▼
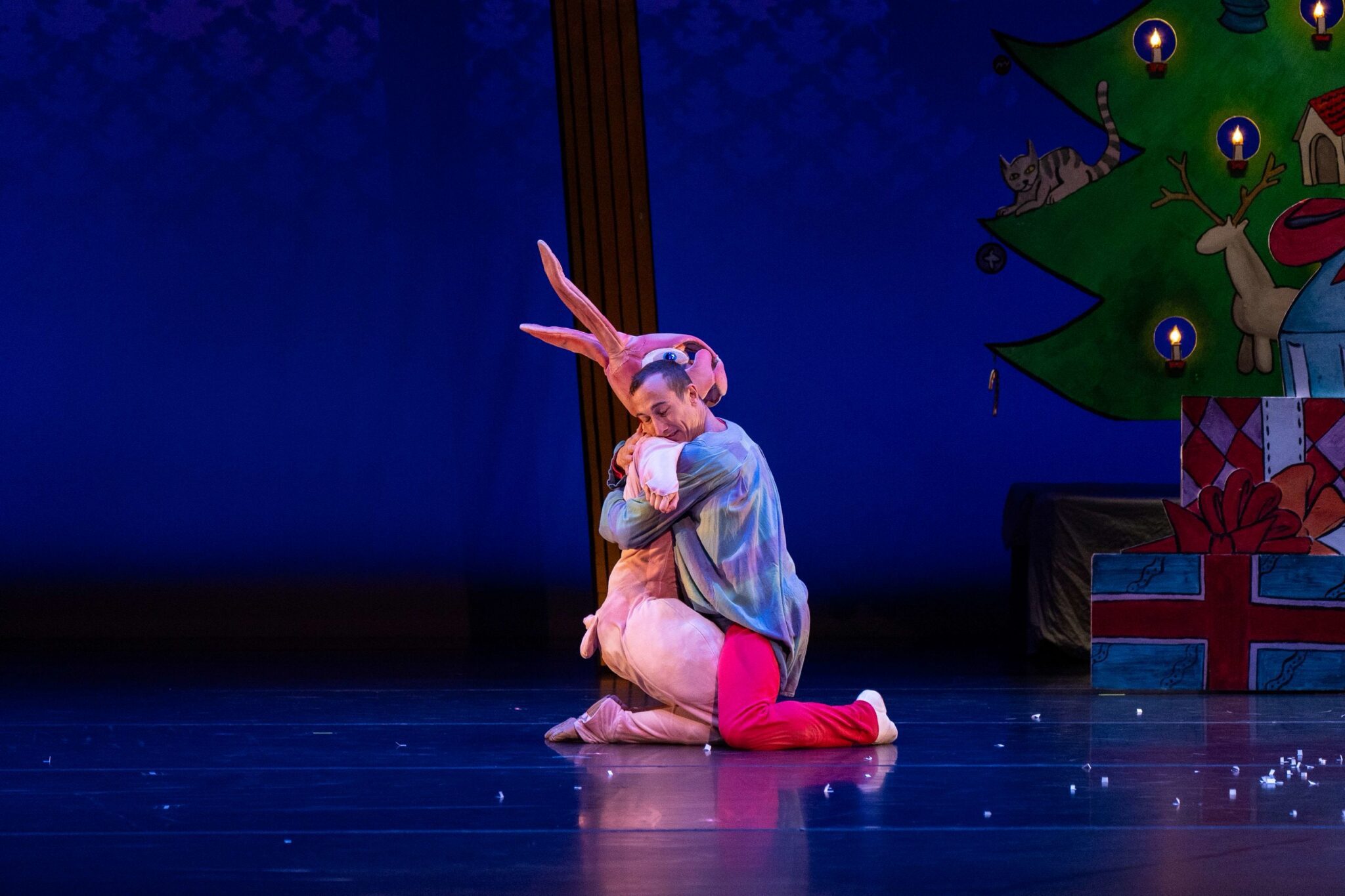 舊金山傳奇舞團odc全製作訪台《愛的奇蹟：絨毛兔的奇幻之旅》經典獻演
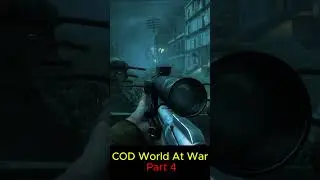 COD World At War Part 4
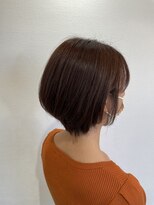 ソワン(HAIR SOIN) 髪質改善カラー×艶ショート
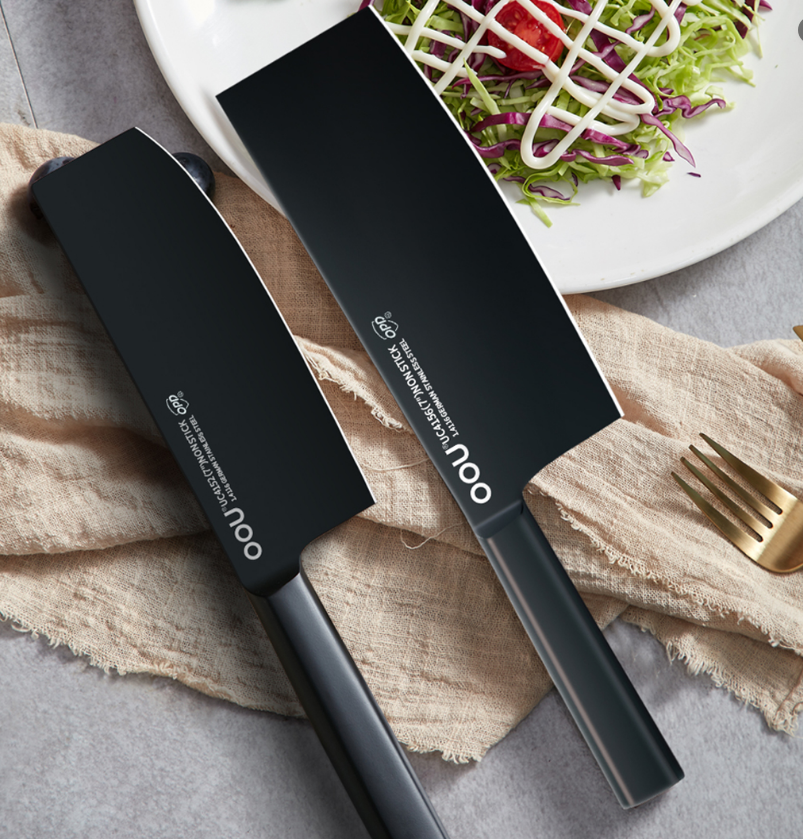 OOU! 黑刃男刀 UC4156 高效切割流畅耐用钢材精准磨砺高清大图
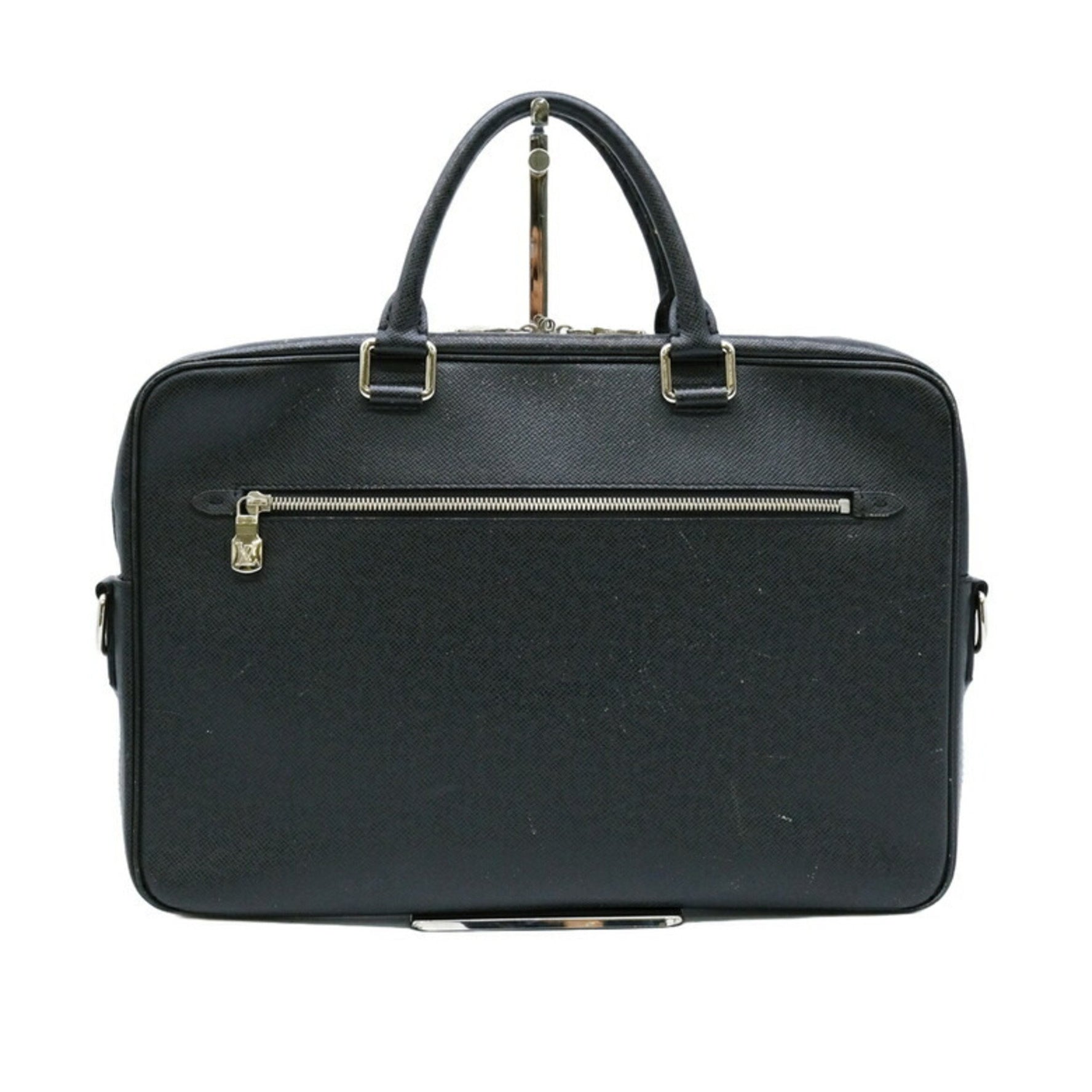 Louis Vuitton Porte MM PDB Bag Taiga Ardoise Black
▲
## What you will do
Transcribe the span of lines that runs from the line with "COD World At War Part 4" to the end of the data, both ends included, exactly, with nothing else and no pictures.

## Response area
 COD World At War Part 4
 ソワン(HAIR SOIN) 髪質改善カラー×艶ショート
 OOU! 黑刃男刀 UC4156 高效切割流畅耐用钢材精准磨砺高清大图
 Louis Vuitton Porte MM PDB Bag Taiga Ardoise Black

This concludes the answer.